■ Instructions for the task ■
Reproduce the listing below exactly, minus its pictures.

■ Records supplied ■
--
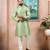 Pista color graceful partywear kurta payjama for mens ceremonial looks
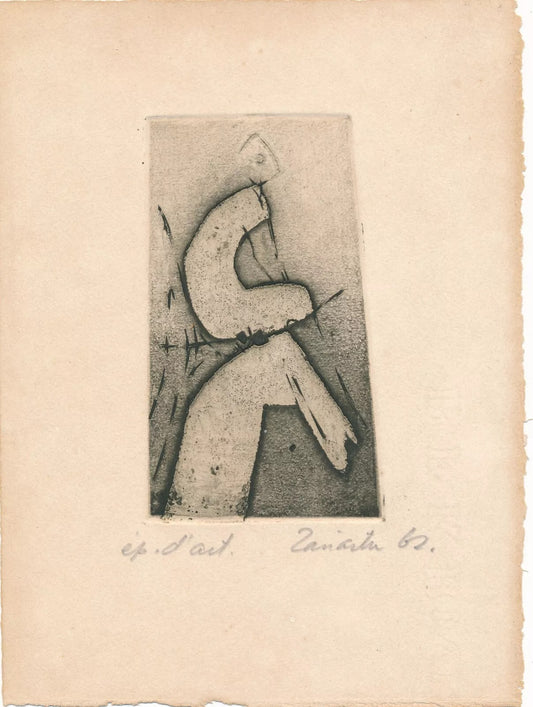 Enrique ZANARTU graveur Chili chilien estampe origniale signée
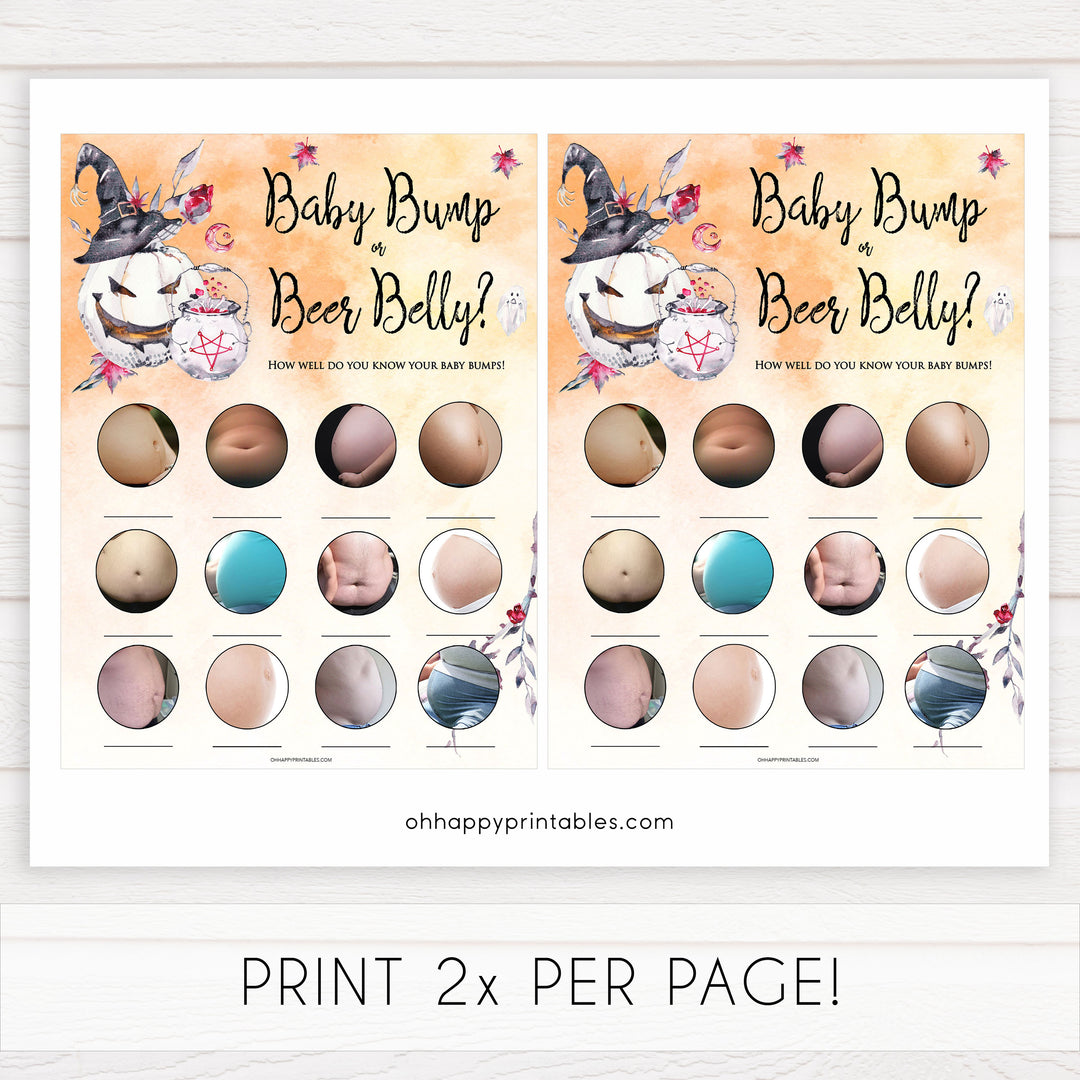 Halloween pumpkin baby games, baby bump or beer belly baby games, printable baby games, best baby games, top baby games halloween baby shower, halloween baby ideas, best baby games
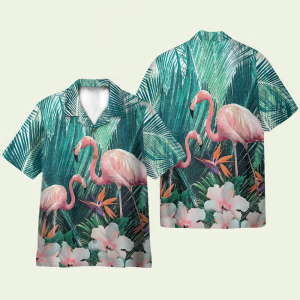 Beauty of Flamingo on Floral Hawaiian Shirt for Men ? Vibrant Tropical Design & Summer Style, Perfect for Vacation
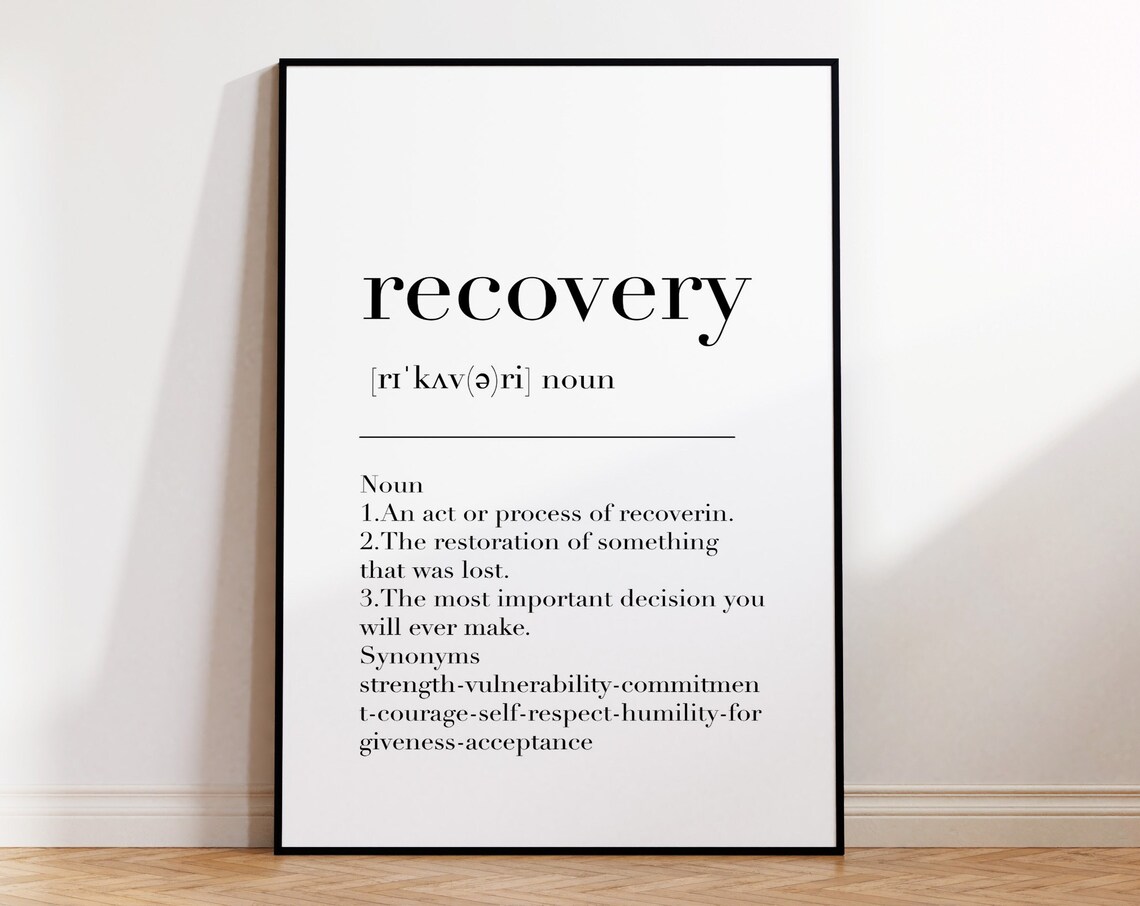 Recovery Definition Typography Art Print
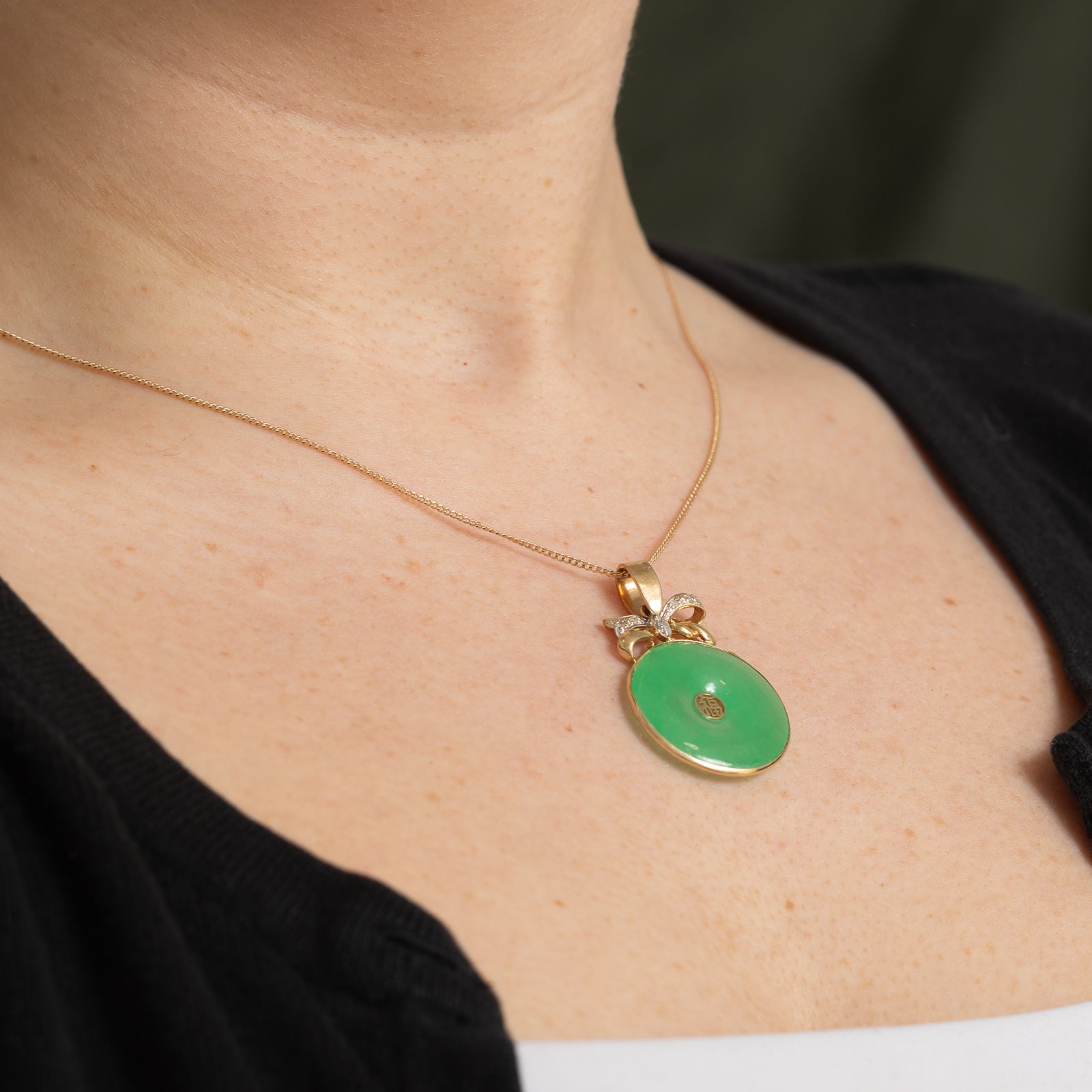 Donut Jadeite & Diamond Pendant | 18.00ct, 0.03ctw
--
■ Exercise solution ■
 Pista color graceful partywear kurta payjama for mens ceremonial looks
 Enrique ZANARTU graveur Chili chilien estampe origniale signée
 Halloween pumpkin baby games, baby bump or beer belly baby games, printable baby games, best baby games, top baby games halloween baby shower, halloween baby ideas, best baby games
 Beauty of Flamingo on Floral Hawaiian Shirt for Men ? Vibrant Tropical Design & Summer Style, Perfect for Vacation
 Recovery Definition Typography Art Print
 Donut Jadeite & Diamond Pendant | 18.00ct, 0.03ctw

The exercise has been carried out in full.